Authors: Mike Dellosso
Footsteps sounded outside the door. The familiar steps that came every day at the same time. Three men. Always three men. But never the same group of three. Always, though, they were large, broad-shouldered, thick-chested, and stern. Rarely did they speak more than two or three words, usually just commands.
The woman clutched her daughter and put her face in the girl’s hair. She drew in a long breath. “Be strong. Be strong.”
The girl hugged her mother. “Mommy, I can feel your heart beating.”
Of course she could. Each time the men came, the woman thought her heart would bound right out of her chest. “I know, baby.
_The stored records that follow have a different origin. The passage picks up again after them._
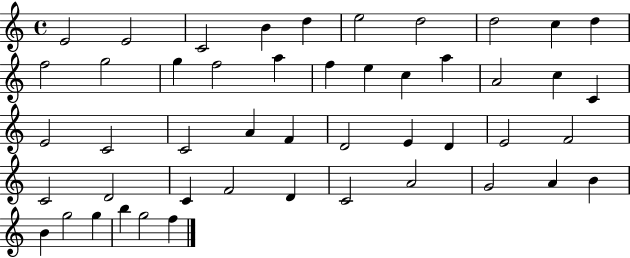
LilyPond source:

{
  \clef treble
  \time 4/4
  \defaultTimeSignature
  \key c \major
  e'2 e'2 | c'2 b'4 d''4 | e''2 d''2 | d''2 c''4 d''4 | \break f''2 g''2 | g''4 f''2 a''4 | f''4 e''4 c''4 a''4 | a'2 c''4 c'4 | \break e'2 c'2 | c'2 a'4 f'4 | d'2 e'4 d'4 | e'2 f'2 | \break c'2 d'2 | c'4 f'2 d'4 | c'2 a'2 | g'2 a'4 b'4 | \break b'4 g''2 g''4 | b''4 g''2 f''4 | \bar "|."
}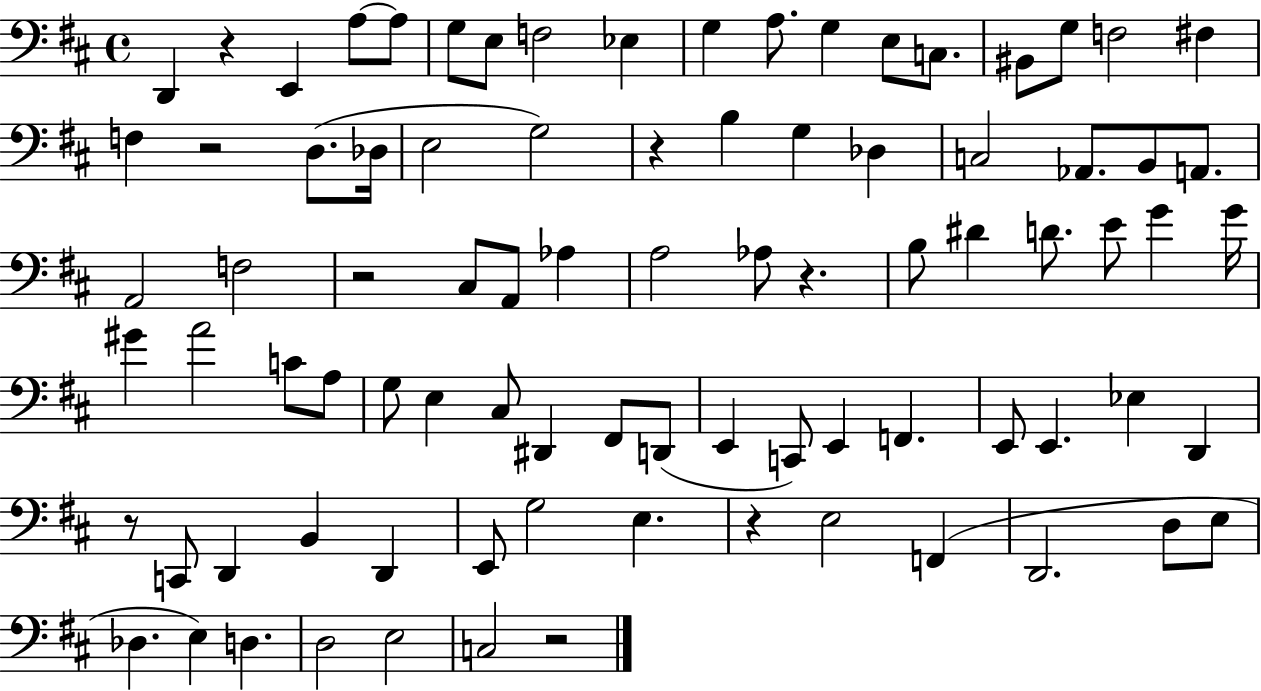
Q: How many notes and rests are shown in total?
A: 86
It means I love you so much.”
The girl lifted her face and kissed her mother on the cheek.
The touch was so gentle, so tender, so sweet and innocent and everything a little girl’s touch should be. When she spoke, her voice was hushed but not hurried. Never hurried. “Don’t worry, Mommy. God’s with me. I know that. Do you know that?”
“Yes. Yes, baby, he is. I know it. Always remember that. Hold it close to your heart.”
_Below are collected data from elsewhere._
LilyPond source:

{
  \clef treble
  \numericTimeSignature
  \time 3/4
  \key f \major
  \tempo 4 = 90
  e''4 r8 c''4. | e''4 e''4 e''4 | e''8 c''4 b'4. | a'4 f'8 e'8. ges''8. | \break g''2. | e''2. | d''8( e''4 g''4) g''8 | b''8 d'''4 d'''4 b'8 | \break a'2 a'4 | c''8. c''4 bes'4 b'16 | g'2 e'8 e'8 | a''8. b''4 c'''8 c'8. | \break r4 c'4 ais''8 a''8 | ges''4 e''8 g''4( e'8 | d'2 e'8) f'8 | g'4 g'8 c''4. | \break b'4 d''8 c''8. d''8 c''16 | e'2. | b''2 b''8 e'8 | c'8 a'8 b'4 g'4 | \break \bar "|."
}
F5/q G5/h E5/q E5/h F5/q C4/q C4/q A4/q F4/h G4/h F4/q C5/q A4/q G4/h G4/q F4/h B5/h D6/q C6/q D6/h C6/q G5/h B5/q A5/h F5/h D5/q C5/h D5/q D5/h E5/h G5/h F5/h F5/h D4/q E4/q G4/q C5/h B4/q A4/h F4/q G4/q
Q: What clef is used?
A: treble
The men were just outside the door now, talking in quiet but harsh tones.
“I’ll be here when you get back. Like always. Okay?”
“Okay, Mommy. Don’t worry about me. God will protect me.”
The woman wiped tears from her eyes, smearing them across her cheeks. She sniffed and forced a smile to hide the fear that gripped her heart like an iron claw. “I’ll pray for you. The whole time.”
The lock disengaged and the door swung open. Light from the hallway slanted across the concrete floor. Two of the men entered, both wearing khakis and black long-sleeved polo shirts. One was taller than the other and bulkier. The smaller one wore glasses and had his head nearly shaved. High and tight, military style. The woman’s father had been in the Army, a career soldier; she was raised a military brat. Her husband had been in the Army too. She knew the type when she saw it.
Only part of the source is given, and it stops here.